YOUR GOAL:
Lines from the one containing "this 600×400 image." through the last one in the data below: write them out word for word, and only them.

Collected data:
· · · · · · ·
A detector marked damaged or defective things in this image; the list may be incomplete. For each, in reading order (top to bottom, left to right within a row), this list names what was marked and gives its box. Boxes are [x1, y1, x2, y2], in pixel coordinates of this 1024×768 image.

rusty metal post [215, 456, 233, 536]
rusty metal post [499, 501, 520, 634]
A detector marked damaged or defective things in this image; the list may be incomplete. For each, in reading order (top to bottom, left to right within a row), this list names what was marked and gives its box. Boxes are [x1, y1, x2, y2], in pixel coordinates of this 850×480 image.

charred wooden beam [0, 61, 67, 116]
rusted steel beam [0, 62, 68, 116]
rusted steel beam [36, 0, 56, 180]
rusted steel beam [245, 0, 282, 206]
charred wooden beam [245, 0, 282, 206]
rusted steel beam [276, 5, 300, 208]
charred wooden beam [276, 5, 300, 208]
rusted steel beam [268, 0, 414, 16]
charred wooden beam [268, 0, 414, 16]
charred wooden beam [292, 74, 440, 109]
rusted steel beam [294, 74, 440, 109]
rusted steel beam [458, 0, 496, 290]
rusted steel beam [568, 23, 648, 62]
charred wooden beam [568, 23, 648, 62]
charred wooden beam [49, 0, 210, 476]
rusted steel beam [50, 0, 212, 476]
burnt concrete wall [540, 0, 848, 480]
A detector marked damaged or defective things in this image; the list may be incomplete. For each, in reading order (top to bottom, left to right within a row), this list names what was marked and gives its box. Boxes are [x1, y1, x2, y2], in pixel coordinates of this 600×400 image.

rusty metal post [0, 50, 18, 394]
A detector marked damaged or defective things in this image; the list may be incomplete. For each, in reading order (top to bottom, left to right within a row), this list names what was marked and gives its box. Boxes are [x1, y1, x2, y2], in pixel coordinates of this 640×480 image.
· · · · · · ·
YOUR RESPONSE:
A detector marked damaged or defective things in this image; the list may be incomplete. For each, in reading order (top to bottom, left to right within a row), this list names what was marked and gives its box. Boxes are [x1, y1, x2, y2], in pixel coordinates of this 600×400 image.

rusty metal post [0, 50, 18, 394]
A detector marked damaged or defective things in this image; the list may be incomplete. For each, in reading order (top to bottom, left to right within a row), this list names what was marked and gives its box. Boxes are [x1, y1, x2, y2], in pixel coordinates of this 640×480 image.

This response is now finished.